Saturday night I listened to Dr. Ralph Stanley and the Clinch Mountain Boys at Chicago Symphony Center. The old style bluegrass reminded me of time spent with my grandmother. A Kentucky native, the musical genre was no doubt a common part of her environment.
The Man, The Legend, The Voice
A thin, short, 84-year-old man in a white hat singing with a nasal tone brought my attention to a disappearing generation and way of life. He intoned “O Death” at the request of the audience, a song included on the soundtrack to the movie “O Brother, Where Art Thou?” With his band members standing off to the side out of the spotlight, his a cappella voice was chilling and distinct as it carried across the room.
It was the same sound I remember hearing when my grandmother went about her chores as I spent my childhood years in her company. At the time I had no idea that there was a style of music known for the nasal tonal quality – I just knew that this was how my grandmother sounded when she sang softly to herself. Like Dr. Stanley, the songs often centered on religious topics and were often hymns.
The Generation That Survived World Wars And The Depression
Dr. Stanley’s first church experience came at the age of four, he said. His mother rode a horse while he walked alongside for the three miles it took to get to the Baptist church. The minister would sing out the lines of the hymn and the congregation would sing it back in a call and response necessitated by the lack of funds to make hymnals available to all of the congregants. He sang one of those hymns, “Amazing Grace”
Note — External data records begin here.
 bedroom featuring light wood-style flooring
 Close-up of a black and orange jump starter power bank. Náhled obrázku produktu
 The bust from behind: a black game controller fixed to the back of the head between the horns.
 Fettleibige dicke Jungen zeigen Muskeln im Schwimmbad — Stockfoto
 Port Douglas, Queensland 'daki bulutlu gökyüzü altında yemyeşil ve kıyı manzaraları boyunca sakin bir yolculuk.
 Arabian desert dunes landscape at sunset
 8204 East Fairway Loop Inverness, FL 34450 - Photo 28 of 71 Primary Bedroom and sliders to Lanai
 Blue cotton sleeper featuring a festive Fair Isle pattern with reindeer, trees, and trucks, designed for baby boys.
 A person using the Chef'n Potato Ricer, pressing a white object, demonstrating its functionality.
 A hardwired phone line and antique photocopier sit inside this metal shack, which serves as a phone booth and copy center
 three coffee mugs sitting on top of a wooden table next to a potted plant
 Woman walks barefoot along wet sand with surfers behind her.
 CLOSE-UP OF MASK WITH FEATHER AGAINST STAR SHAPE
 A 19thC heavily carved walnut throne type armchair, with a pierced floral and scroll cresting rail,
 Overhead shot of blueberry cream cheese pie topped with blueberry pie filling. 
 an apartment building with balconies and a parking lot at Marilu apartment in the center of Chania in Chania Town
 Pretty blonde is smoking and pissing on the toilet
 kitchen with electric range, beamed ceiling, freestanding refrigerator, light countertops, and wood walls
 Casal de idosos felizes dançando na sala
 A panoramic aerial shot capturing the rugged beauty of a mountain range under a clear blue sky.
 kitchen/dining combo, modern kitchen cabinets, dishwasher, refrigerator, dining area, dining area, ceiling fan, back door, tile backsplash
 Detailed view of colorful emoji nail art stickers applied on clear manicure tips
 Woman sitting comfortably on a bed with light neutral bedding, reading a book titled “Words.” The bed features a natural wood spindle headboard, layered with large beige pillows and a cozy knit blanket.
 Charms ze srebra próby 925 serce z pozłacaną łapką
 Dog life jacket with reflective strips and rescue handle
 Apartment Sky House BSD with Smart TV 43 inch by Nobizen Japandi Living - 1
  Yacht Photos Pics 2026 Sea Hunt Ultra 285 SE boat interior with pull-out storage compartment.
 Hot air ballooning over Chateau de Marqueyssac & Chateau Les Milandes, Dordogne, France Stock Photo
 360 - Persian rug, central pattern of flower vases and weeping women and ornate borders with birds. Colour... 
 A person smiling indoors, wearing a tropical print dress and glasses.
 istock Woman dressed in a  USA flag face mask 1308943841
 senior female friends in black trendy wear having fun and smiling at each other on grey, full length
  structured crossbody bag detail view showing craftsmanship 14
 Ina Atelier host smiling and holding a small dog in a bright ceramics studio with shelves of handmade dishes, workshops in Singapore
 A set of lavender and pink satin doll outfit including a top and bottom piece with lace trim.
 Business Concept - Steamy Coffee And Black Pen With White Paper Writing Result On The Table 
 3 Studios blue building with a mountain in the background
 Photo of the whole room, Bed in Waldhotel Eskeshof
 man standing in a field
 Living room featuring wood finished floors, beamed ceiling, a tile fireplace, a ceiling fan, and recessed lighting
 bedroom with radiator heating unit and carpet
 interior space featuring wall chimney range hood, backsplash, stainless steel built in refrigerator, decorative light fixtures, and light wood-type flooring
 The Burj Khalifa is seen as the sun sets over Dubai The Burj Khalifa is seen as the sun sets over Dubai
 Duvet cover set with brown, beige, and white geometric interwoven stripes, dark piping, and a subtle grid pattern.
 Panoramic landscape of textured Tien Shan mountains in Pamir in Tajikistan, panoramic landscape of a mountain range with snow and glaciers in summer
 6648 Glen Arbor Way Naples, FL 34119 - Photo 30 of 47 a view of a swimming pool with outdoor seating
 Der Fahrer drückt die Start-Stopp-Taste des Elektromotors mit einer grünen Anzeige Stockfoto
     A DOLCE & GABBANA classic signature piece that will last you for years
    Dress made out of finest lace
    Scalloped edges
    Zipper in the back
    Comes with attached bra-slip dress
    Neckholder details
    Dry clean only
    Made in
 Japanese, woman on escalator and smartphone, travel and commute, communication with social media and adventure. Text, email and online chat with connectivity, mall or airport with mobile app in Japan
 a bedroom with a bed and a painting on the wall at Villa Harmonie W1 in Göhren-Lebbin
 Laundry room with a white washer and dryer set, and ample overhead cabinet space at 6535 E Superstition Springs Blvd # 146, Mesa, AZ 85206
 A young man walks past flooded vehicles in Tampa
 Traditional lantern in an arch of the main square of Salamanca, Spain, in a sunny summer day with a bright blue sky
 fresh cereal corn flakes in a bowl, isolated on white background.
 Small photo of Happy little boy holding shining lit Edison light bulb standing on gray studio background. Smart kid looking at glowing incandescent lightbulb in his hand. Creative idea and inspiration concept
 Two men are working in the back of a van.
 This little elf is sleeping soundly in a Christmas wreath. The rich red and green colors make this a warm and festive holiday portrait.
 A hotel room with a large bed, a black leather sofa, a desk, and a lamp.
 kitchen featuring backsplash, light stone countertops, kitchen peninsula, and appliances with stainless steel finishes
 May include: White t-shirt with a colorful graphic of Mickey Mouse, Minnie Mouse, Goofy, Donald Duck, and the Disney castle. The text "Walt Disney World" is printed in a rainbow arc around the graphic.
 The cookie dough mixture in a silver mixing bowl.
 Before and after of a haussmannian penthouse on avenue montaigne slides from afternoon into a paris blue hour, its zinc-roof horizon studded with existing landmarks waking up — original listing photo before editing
and I could hear my grandmother’s voice rise up in my mind almost singing in unison from the homestead in my memories.
The generation of Dr. Stanley and my grandmother, particularly for folk from the Appalachian areas where poverty has always been prevalent, seem to have an appreciation for things that my generation have taken as commonplace and ordinary. They also have a way of saying things, phrases, that tie them to an older way of life.
Why It Was Heartbreaking And Hopeful At The Same Time
The sounds of my childhood and a grandmother who I cherish in all of her 92 years filled me with a joy of being reconnected with something I can truly claim as my heritage. Yet, the rural Appalachian way of life is losing its predominance. It is disappearing. The moments I can treasure will not be the same ones that Kimber will have the opportunity to experience as a youth. Her grandmother will likely not sing to her the hymns and bluegrass sounds of her own childhood. And her great-grandmother will likely not be around for the larger duration of her life.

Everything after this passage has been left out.